WHAT TO PRODUCE: Copy nothing but the lines from the one containing "It comes with" through the last line of the records, repeated exactly and without pictures.

+-------+

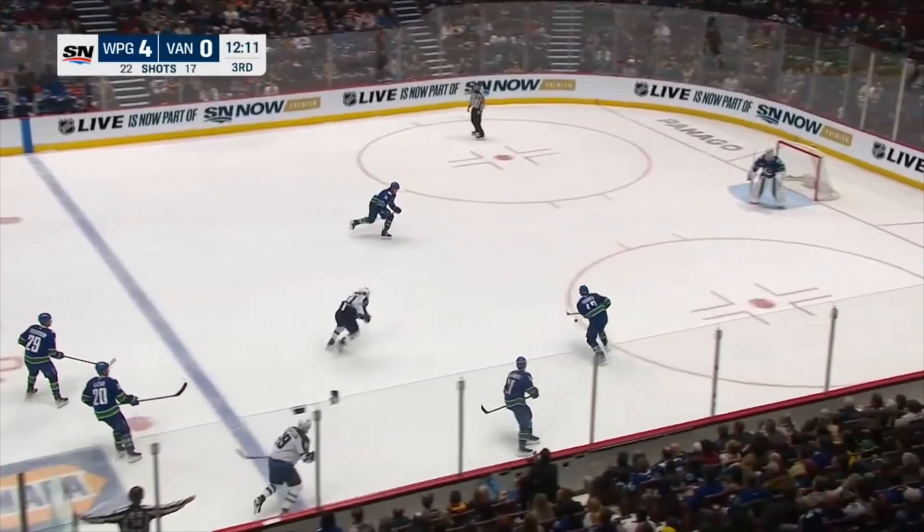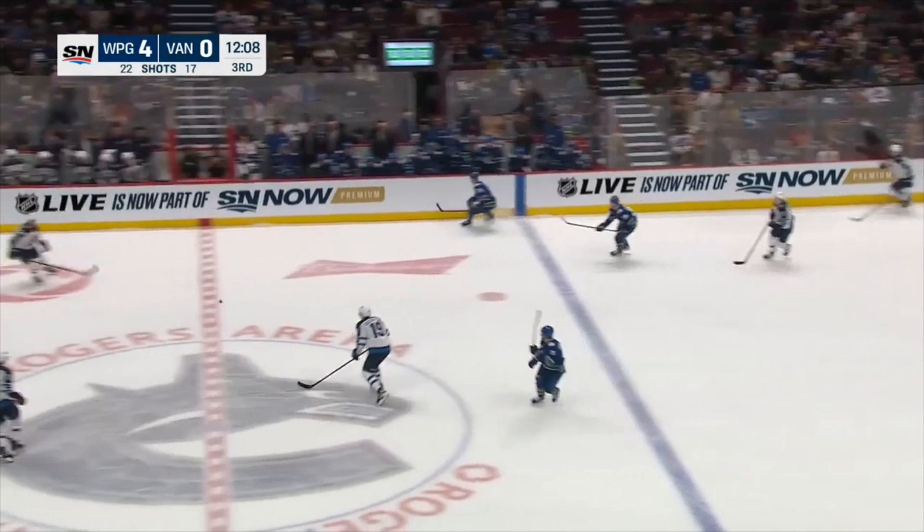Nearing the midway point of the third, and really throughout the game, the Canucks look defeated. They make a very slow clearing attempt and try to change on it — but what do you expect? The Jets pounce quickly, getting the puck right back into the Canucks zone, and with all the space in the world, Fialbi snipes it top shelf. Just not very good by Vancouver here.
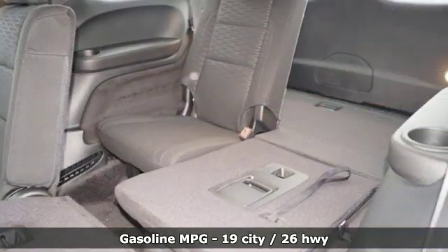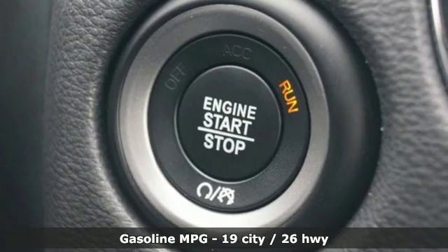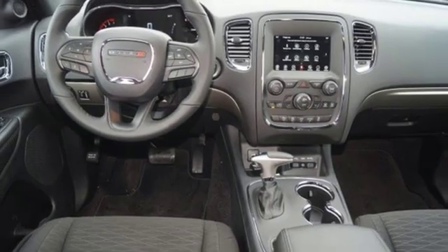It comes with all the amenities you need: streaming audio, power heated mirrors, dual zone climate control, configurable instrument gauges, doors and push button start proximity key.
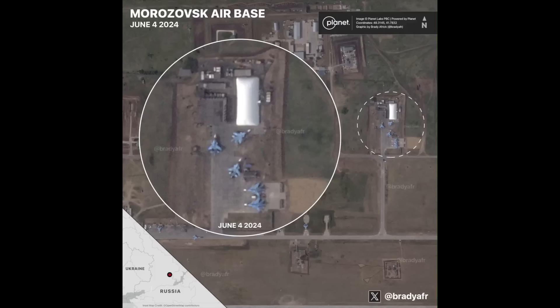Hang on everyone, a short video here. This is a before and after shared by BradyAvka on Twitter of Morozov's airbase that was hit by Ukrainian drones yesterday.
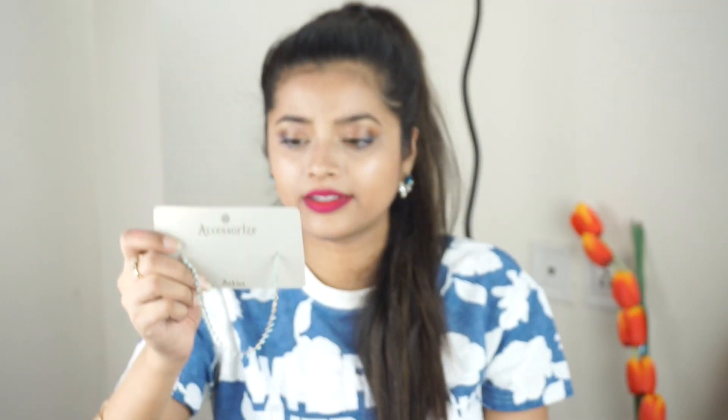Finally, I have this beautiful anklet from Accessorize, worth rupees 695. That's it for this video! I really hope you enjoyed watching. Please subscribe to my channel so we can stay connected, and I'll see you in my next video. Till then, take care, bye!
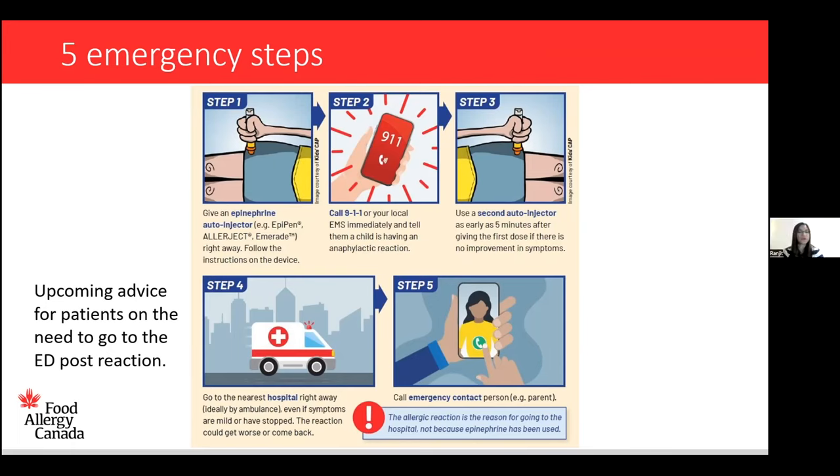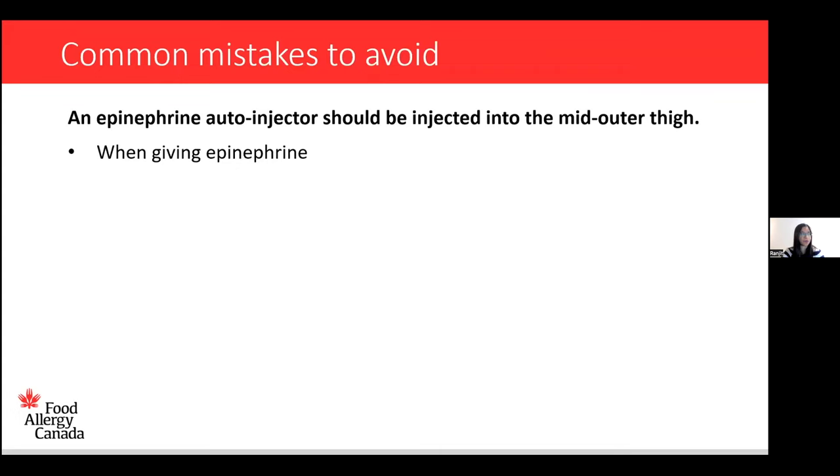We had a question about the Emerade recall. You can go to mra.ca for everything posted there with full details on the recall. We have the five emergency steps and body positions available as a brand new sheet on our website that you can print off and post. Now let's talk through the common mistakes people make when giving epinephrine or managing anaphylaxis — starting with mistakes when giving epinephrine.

+-------+

FINAL ANSWER:
It comes with all the amenities you need: streaming audio, power heated mirrors, dual zone climate control, configurable instrument gauges, doors and push button start proximity key.
Hang on everyone, a short video here. This is a before and after shared by BradyAvka on Twitter of Morozov's airbase that was hit by Ukrainian drones yesterday.
Finally, I have this beautiful anklet from Accessorize, worth rupees 695. That's it for this video! I really hope you enjoyed watching. Please subscribe to my channel so we can stay connected, and I'll see you in my next video. Till then, take care, bye!
We had a question about the Emerade recall. You can go to mra.ca for everything posted there with full details on the recall. We have the five emergency steps and body positions available as a brand new sheet on our website that you can print off and post. Now let's talk through the common mistakes people make when giving epinephrine or managing anaphylaxis — starting with mistakes when giving epinephrine.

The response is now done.